ABOUT THIS TASK. Please print the line that holds "And here is" and each line after it to the end of the data, word for word, without any pictures.

DATASET SECTION.
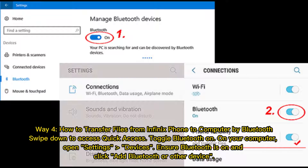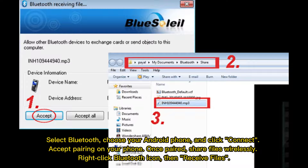Way 4: How to transfer files from Infinix phone to computer by Bluetooth. Swipe down to access Quick Access and toggle Bluetooth on. On your computer, open Settings and then Devices. Ensure Bluetooth is on and click Add Bluetooth or other device. Select Bluetooth, choose your Android phone, and click Connect. Accept pairing on your phone. Once paired, share files wirelessly. Right-click the Bluetooth icon, then select Receive Files.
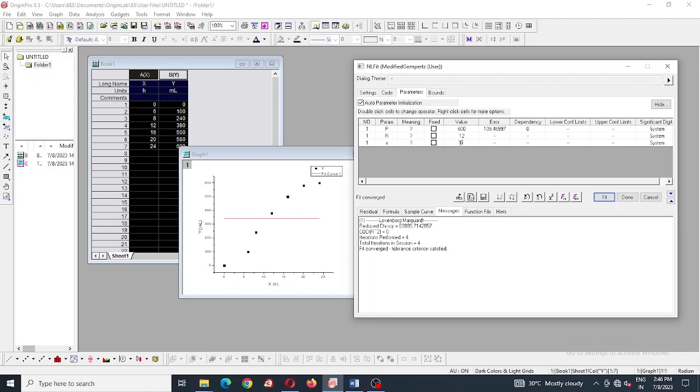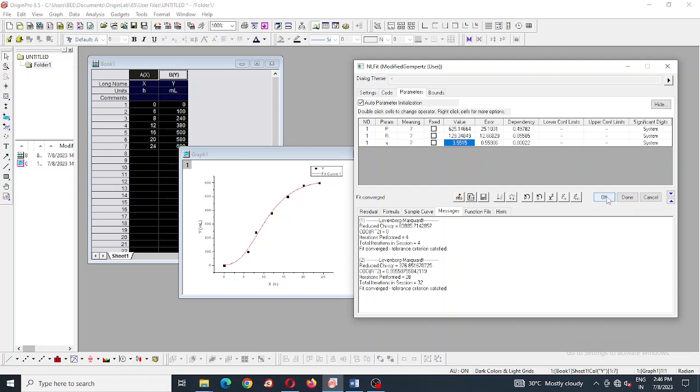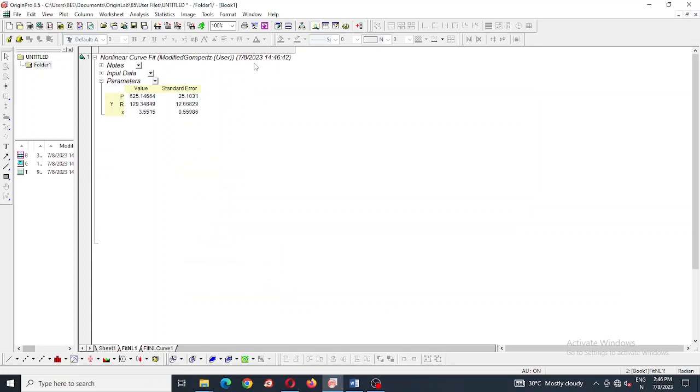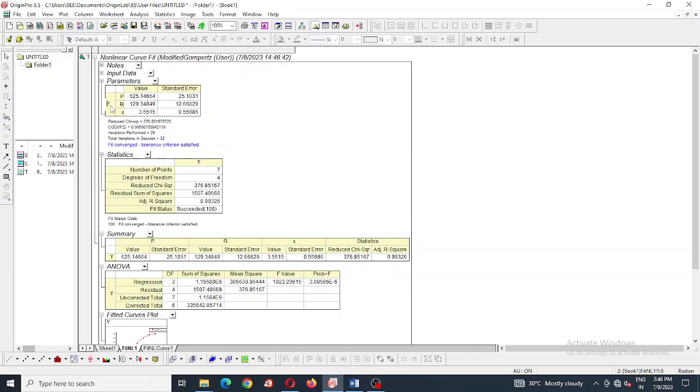And here is the curve fitting of Gompertz equation. Report will be generated, also you can see the graph. Here we are changing the report table for hydrogen production, we are just adding the names - hydrogen production for P, R for rate of production, and X for lag time.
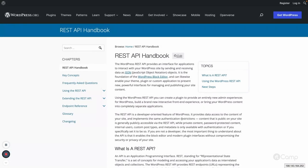Hello friends, welcome again. In this video I will give a walkthrough about the REST API codebase in the WordPress core files. In the previous video I talked about the basics of REST API and its uses, and in this video I will give a walkthrough about the REST API codebase available in the WordPress core so we can have more in-depth information.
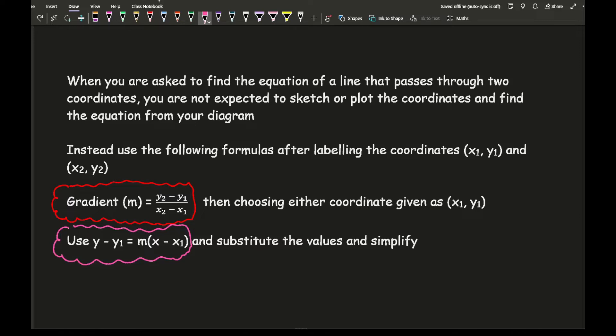Use y2 minus y1 over x2 minus x1 for the gradient, and then use y minus y1 equals m times x minus x1. The answer will be the same as y equals mx plus c — it's just a bit of rearranging. You're less likely to make a mistake using these two formulas rather than going straight to y equals mx plus c.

SOLUTION FOR THIS TASK.
And here is the curve fitting of Gompertz equation. Report will be generated, also you can see the graph. Here we are changing the report table for hydrogen production, we are just adding the names - hydrogen production for P, R for rate of production, and X for lag time.
Hello friends, welcome again. In this video I will give a walkthrough about the REST API codebase in the WordPress core files. In the previous video I talked about the basics of REST API and its uses, and in this video I will give a walkthrough about the REST API codebase available in the WordPress core so we can have more in-depth information.
Use y2 minus y1 over x2 minus x1 for the gradient, and then use y minus y1 equals m times x minus x1. The answer will be the same as y equals mx plus c — it's just a bit of rearranging. You're less likely to make a mistake using these two formulas rather than going straight to y equals mx plus c.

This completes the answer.